Vu d'Europe, un autre argument penchait en faveur de cette intervention: la détermination de la France et du Royaume-Uni à prendre les devants. Sans cela, nul doute que les Américains, suffisamment accaparés en Afghanistan et en Irak, n'auraient pas bougé. Malgré l'abstention de l'Allemagne, Paris et Londres jouissent d'une chance unique de démontrer le rôle que pourrait jouer demain une défense européenne dans un monde multipolaire.
En plein printemps arabe, comment les pays occidentaux auraient-ils pu détourner le regard? C'est ce qu'a fort bien exprimé le ministre Alain Juppé:
«C'est une intervention risquée, je dirais même très risquée. C'est une décision grave, nous en sommes conscients. Mais je demande simplement ce que l'on aurait dit à la France si elle avait abandonné l'insurrection libyenne, qui était en passe d'être massacrée. Je me demande ce que les jeunes Tunisiens, les jeunes Égyptiens et tous les nouveaux révolutionnaires de la démocratie nous auraient dit.»

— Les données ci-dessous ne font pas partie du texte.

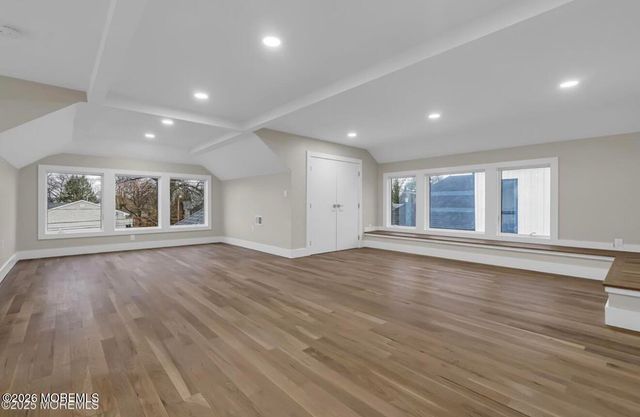 495 Westwood Avenue, Long Branch, NJ 07740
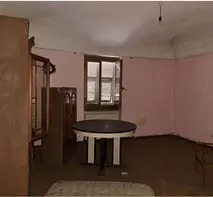 Immagine per Quadrilocale in asta a Novi Ligure via Pietro Isola 92
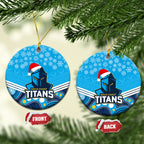 titans-rugby-christmas-ceramic-ornament-merry-xmas-2023-mix-aboriginal-art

L'action en cours n'est évidemment pas sans risques ni contradictions, comme l'a souligné l'ancien vice-président de Médecins sans frontières, [Jean-Christophe Ruffin->36360], non sans avoir exprimé sa fierté que son pays «ait eu le courage d'agir». La première inconnue réside dans une opposition aussi désorganisée qu'hétéroclite, qui rassemble des éléments démocratiques, islamistes et tribaux. «Ce pourrait être une grosse surprise quand Kadhafi partira que de découvrir avec qui nous avons vraiment négocié», disait le politologue américain Paul Sullivan.
Même si la résolution de l'ONU n'en dit mot, le succès politique de l'opération dépend de l'élimination de Kadhafi. Son meilleur allié demeure le temps. Interdits de toute action terrestre, enfermés dans le principe américain de la «guerre propre» — bel oxymoron! —, les alliés se trouveraient ainsi à justifier malgré eux une partition du pays. N'oublions pas que les anciennes provinces tripolitaine et cyrénaïque sont séparées par des centaines de kilomètres de désert et qu'elles possèdent chacune leurs propres ressources pétrolières.
À moins qu'un Brutus ne se charge de renverser le tyran, comme en Égypte et en Tunisie. Ce serait, de loin, la meilleure solution. Sinon, il sera difficile d'éviter une intervention au sol. Le mythe de la guerre propre aura vécu.